Auteur Sujet: Incident pop cogent de toulouse - 20/04/18  (Lu 3261 fois)

0 Membres et 1 Invité sur ce sujet

butler_fr

  • Client Bbox adsl
  • Modérateur
  • *
  • Messages: 3 605
  • FTTH orange
Incident pop cogent de toulouse - 20/04/18
« le: 20 avril 2018 à 12:01:09 »
Incident électrique sur le pop cogent de toulouse depuis environ 11h20

Hugues

  • AS2027 MilkyWan
  • Modérateur
  • *
  • Messages: 12 423
  • Lyon (69) / St-Bernard (01)
    • Twitter
Incident pop cogent de toulouse - 20/04/18
« Réponse #1 le: 20 avril 2018 à 14:15:46 »
C'est KO chez AppliWave aussi. (Sans impact)




butler_fr

  • Client Bbox adsl
  • Modérateur
  • *
  • Messages: 3 605
  • FTTH orange
Incident pop cogent de toulouse - 20/04/18
« Réponse #2 le: 20 avril 2018 à 16:40:57 »
Tout est remonté à 12h30 environ
1h10 de coupure et pour l'instant pas d'infos...

Hugues

  • AS2027 MilkyWan
  • Modérateur
  • *
  • Messages: 12 423
  • Lyon (69) / St-Bernard (01)
    • Twitter
Incident pop cogent de toulouse - 20/04/18
« Réponse #3 le: 20 avril 2018 à 16:42:32 »
Je veux bien le RFO quand tu l'auras ;-)

JulienOHAYON

  • AS29075 Officiel Ielo
  • Expert
  • *
  • Messages: 199
  • Paris (75)
    • ielo
Incident pop cogent de toulouse - 20/04/18
« Réponse #4 le: 20 avril 2018 à 19:30:47 »
C'est KO chez AppliWave aussi. (Sans impact)



Effectivement !

butler_fr

  • Client Bbox adsl
  • Modérateur
  • *
  • Messages: 3 605
  • FTTH orange
Incident pop cogent de toulouse - 20/04/18
« Réponse #5 le: 23 avril 2018 à 15:00:07 »
le retour de cogent:

Citer
On 20th April of 2018, we experienced a power outage at our Cogent datacenter in Toulouse.

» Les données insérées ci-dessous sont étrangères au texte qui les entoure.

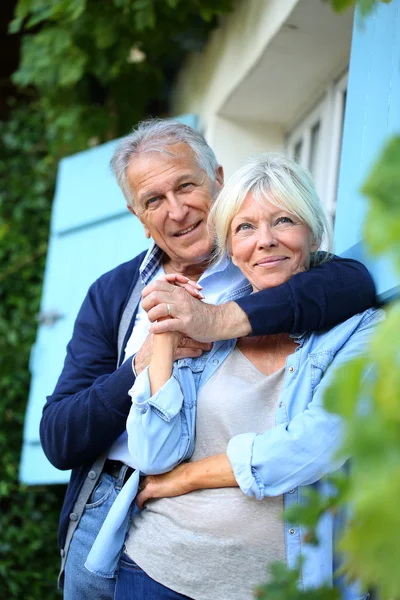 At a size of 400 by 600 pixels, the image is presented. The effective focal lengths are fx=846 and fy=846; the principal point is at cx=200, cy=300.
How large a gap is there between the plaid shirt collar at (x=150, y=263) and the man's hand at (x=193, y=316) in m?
0.41

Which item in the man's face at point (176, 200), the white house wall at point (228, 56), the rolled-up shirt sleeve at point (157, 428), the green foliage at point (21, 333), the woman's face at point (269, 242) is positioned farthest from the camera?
the green foliage at point (21, 333)

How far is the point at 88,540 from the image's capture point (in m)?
1.91

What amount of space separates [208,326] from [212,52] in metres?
2.33

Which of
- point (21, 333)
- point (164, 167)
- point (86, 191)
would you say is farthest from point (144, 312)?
point (21, 333)

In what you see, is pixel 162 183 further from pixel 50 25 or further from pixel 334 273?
pixel 50 25

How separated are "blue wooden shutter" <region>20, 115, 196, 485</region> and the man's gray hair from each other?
44.7 inches

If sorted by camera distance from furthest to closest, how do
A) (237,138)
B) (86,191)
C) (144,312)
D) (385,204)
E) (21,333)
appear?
1. (21,333)
2. (86,191)
3. (237,138)
4. (144,312)
5. (385,204)

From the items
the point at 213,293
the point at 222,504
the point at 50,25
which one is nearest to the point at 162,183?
the point at 213,293

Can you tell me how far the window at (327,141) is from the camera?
2.90m

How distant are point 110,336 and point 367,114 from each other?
0.79 metres

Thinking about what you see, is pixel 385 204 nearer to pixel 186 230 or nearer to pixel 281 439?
pixel 281 439

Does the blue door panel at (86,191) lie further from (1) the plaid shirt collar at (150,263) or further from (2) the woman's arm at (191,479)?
(2) the woman's arm at (191,479)

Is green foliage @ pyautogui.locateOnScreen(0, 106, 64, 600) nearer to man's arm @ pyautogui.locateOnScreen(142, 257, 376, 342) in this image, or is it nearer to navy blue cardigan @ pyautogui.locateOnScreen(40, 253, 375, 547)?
navy blue cardigan @ pyautogui.locateOnScreen(40, 253, 375, 547)

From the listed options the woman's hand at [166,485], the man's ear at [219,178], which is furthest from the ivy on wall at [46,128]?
the woman's hand at [166,485] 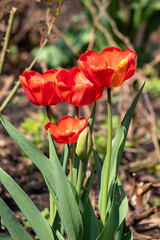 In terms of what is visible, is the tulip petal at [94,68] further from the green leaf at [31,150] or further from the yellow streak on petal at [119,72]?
the green leaf at [31,150]

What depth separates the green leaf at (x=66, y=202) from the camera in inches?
47.9

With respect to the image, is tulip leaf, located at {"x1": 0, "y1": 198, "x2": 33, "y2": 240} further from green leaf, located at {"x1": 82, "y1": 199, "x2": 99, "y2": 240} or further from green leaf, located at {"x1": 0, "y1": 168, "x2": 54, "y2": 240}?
green leaf, located at {"x1": 82, "y1": 199, "x2": 99, "y2": 240}

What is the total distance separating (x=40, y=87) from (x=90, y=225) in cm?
52

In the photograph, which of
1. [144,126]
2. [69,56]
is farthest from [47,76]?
[69,56]

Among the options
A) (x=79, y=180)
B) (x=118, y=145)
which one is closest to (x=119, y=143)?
(x=118, y=145)

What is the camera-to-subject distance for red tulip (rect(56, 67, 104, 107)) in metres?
1.21

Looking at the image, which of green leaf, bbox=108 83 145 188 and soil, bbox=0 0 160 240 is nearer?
green leaf, bbox=108 83 145 188

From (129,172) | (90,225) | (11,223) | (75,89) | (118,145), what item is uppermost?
(75,89)

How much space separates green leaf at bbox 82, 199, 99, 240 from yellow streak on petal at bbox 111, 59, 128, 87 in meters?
0.46

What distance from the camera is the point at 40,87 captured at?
1.25 meters

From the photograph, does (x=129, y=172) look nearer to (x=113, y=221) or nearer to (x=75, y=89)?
(x=113, y=221)

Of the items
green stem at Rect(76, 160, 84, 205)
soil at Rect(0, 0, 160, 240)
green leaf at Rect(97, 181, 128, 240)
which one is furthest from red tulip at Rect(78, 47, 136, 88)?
soil at Rect(0, 0, 160, 240)

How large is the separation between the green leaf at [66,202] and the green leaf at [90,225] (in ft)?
0.23

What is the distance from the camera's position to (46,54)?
17.9ft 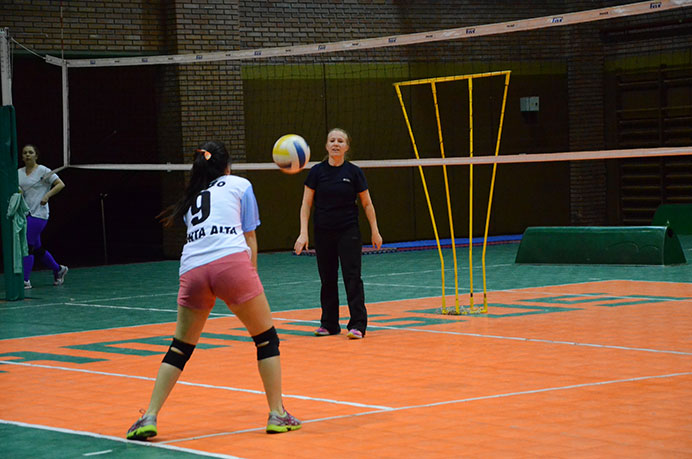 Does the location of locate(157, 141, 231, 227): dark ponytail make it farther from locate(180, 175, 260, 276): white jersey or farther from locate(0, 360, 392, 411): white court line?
locate(0, 360, 392, 411): white court line

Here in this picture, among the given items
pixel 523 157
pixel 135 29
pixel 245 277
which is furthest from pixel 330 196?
pixel 135 29

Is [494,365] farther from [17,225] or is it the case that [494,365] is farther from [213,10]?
[213,10]

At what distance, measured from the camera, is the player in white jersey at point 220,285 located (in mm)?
6297

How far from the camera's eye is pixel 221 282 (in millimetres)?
6273

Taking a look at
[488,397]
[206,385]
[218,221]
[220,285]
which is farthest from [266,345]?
[206,385]

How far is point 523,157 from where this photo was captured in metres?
11.4

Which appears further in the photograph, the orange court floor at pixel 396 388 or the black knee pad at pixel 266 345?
the black knee pad at pixel 266 345

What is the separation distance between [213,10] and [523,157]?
409 inches

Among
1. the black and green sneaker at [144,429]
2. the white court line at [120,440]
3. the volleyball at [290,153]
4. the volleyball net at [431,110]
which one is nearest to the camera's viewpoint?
the white court line at [120,440]

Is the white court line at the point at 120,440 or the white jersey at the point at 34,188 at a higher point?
the white jersey at the point at 34,188

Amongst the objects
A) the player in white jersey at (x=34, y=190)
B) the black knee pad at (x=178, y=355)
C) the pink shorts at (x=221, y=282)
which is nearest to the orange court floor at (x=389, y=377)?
the black knee pad at (x=178, y=355)

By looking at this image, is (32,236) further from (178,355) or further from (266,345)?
(266,345)

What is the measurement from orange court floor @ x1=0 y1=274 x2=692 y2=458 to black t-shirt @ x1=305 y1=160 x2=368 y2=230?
3.41ft

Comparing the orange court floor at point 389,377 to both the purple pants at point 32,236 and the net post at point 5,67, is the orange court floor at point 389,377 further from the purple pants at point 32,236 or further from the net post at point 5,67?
the net post at point 5,67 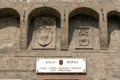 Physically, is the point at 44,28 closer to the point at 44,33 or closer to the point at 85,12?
the point at 44,33

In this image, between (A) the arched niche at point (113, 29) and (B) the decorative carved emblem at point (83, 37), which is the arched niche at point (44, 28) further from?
(A) the arched niche at point (113, 29)

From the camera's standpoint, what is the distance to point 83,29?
14.6 meters

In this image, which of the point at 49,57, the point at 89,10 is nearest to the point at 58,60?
the point at 49,57

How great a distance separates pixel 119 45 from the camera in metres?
14.3

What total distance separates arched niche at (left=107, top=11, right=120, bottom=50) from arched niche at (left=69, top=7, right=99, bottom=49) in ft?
1.43

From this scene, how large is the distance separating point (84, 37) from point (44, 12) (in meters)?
1.64

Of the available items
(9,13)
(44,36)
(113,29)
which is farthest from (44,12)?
(113,29)

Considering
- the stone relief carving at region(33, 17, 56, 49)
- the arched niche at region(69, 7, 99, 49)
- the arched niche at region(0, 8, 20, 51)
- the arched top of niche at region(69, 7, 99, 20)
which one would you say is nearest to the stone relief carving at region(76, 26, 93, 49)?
the arched niche at region(69, 7, 99, 49)

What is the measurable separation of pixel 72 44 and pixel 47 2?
1679mm

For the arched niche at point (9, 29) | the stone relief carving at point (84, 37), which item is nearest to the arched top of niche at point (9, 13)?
the arched niche at point (9, 29)

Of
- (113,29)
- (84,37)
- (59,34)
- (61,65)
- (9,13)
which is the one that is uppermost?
(9,13)

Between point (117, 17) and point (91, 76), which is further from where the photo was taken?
point (117, 17)

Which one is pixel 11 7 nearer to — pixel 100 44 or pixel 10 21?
pixel 10 21

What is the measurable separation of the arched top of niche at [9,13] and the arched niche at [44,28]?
52cm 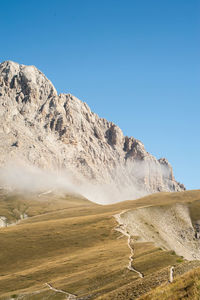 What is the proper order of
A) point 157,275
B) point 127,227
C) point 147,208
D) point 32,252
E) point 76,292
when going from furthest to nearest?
point 147,208 < point 127,227 < point 32,252 < point 76,292 < point 157,275

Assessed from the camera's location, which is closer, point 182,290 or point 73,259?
point 182,290

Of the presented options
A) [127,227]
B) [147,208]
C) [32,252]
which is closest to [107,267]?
[32,252]

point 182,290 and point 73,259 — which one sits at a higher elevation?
point 182,290

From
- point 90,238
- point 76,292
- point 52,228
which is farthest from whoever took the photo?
point 52,228

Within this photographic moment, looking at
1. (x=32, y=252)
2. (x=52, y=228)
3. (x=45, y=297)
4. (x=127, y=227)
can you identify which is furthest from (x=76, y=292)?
(x=52, y=228)

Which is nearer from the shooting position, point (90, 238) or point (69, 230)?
point (90, 238)

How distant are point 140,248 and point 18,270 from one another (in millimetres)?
26446

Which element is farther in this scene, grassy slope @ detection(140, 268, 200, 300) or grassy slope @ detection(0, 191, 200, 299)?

The timestamps of the power outage were:

Start: 11:19 CEST
End: 12:41 CEST

During a standard operation to replace a defective converter (48V/230V), we found some unforeseen problems:

-          As part of the process to isolate the faulty converter, some breakers had to be opened to ensure the work can be done as per the mandatory safety regulations. When this was done, the AC power downwards the TGBT was cut, impacting the main breaker switch. UPS batteries took the load for approximately 25-30 minutes until they got depleted.
-          We tried to restore the power to the TGBT reverting the position for all breakers, but it didn´t work.
-          Under this kind of events there are 2 workarounds to restore AC power feed to the TGBT:
o   Use an output taken directly from the UPS.
o   Try to bypass manually the main breaker (that requires a special process and tools)
It was decided to proceed with the manual bypass of the main breaker, as it would help to isolate the root cause of the fault without risk of cutting the AC power again once it was restored.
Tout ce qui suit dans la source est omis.